Die deutschen Leithammel werfen dem möglichen Wahlsieger Alexis Tsipras nun Radikalität vor und vergessen dabei jene Brutalität, die unter den gewünschten Regierungen bereits zur Anwendung kam. Doch diese menschenverachtende Politik, die es in Griechenland seit sechs Jahren gibt, verniedlichen die deutschen Medien einfach. Sie sprechen verharmlosend von Reformen, manchmal mit dem Zusatz "schmerzhaft", ohne auch nur ansatzweise zu begreifen, wie schmerzhaft das ist.

Nun sehen sich die gescheiterten Krisenmanager mit dem Ergebnis ihrer Politik konfrontiert und schlagen wie kleine Kinder wild um sich. Sie wollen ihre Fehler nicht eingestehen, fordern wie immer eine Erhöhung der furchtbaren wie nutzlosen Dosis und suchen parallel Schuldige für die ausbleibende Wirkung. Ein vermeintlicher Populist wie Tsipras kommt da gerade Recht. Er müsse verantwortlich dafür sein, dass die segensreiche Reformpolitik auf so viel Unverständnis in der Bevölkerung stoße.

Er missbrauche die Demokratie ja nur, während die neoliberalen Dogmatiker im Norden Europas sie marktkonform erhalten wollen. Um das zu erreichen, wird gehetzt, gedroht, sich eingemischt, sich blamiert und letztlich Lügen als Wahrheit verkauft. Da Griechenland weiterhin am Hilfstropf hängt - wieso eigentlich, wenn alles so gut läuft - nutzen die Musterdemokraten ihre Macht vorsorglich aus, um die nächste Entscheidung des Volkes zu beeinflussen.

Angst vor der Notbremse

Die deutschen Schreiberlinge sorgen sich derweil um ein Ende der Privatisierungen in Griechenland. Sie stellen besorgt die Frage, ob ein Regierungschef Tsipras Investoren nun enteignen oder entschädigen will, statt zu fragen, welchen Gewinn die Geldgeber aus der bisherigen Enteignung des griechischen Volkes gezogen haben.

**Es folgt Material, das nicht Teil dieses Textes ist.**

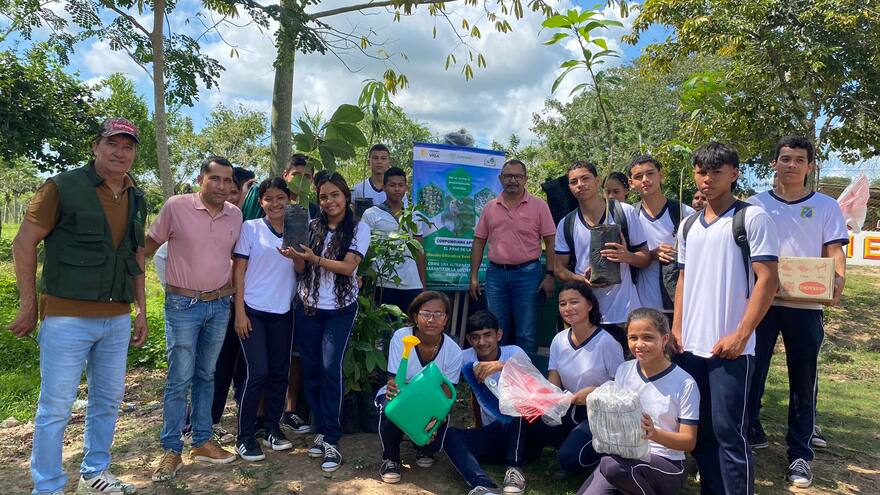 Desde las escuelas de La Mojana fortalecen la educación ambiental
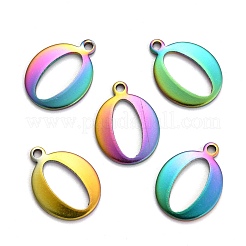 Ionenplattierung (IP) 304 Edelstahl Alphabet Charms&nbsp;STAS-H122-O-M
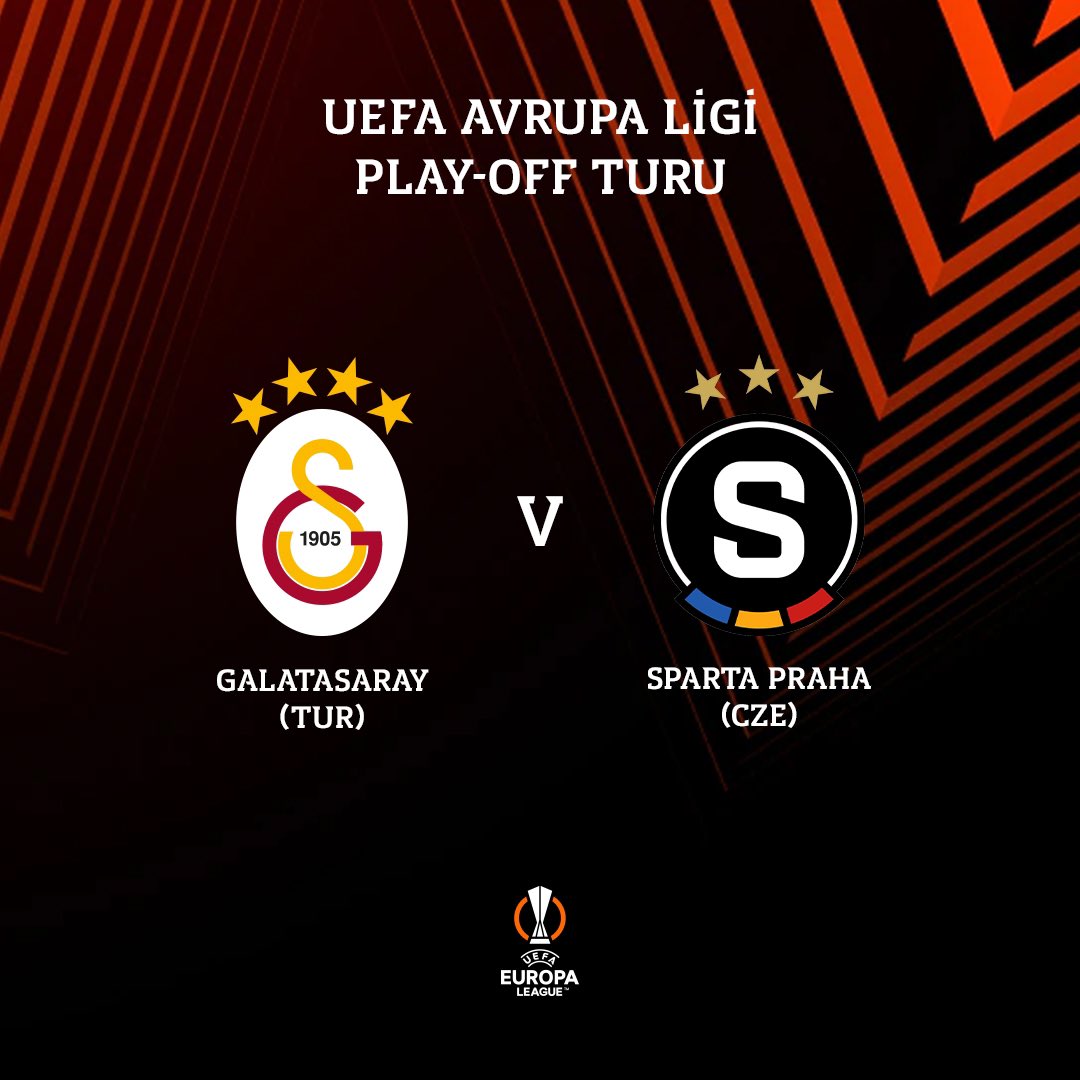 ℹ️ UEFA Avrupa Ligi Play-Off Turu'ndaki rakibimiz Sparta Prag oldu.

#UEL
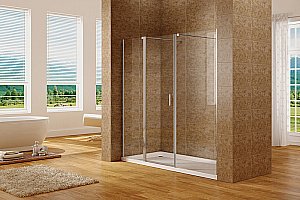 Душевая дверь Aquanet Cinetic 210 254244 стекло прозрачное/профиль хром купить в интернет-магазине Sanbest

Rund 50 Milliarden Euro sollte durch die Privatisierung öffentlichen Eigentums in die griechische Staatskasse fließen. Im Jahr 2015 werden es nach Schätzungen des IWF aber nur etwas mehr als sechs Milliarden Euro sein. Haben die Griechen da schlecht verhandelt oder die Investoren eine günstige Gelegenheit bloß ausgenutzt? Eine Frage, deren Klärung sehr viel wichtiger für das Verständnis ist, als die panische Angst vor dem berechtigten Griff zur Notbremse.

Die selbst in die Radikalität abdriftenden deutschen Leitmedien beantworten diese Frage aber nicht. Sie fürchten sich lieber vor einem echten Regierungswechsel in Griechenland. Denn statt den Lokführer bloß auszutauschen, wie es bisher üblich war, wenn nichts mehr lief, wollen die Griechen mit Tsipras jemanden wählen, der den Zug offenbar anhalten und die Richtung überprüfen will. Das können deutsche Medien, die alle vier Jahre von Richtungswahlen schwadronieren, obwohl sie nur den Austausch eines Lokführers meinen, natürlich nicht verstehen.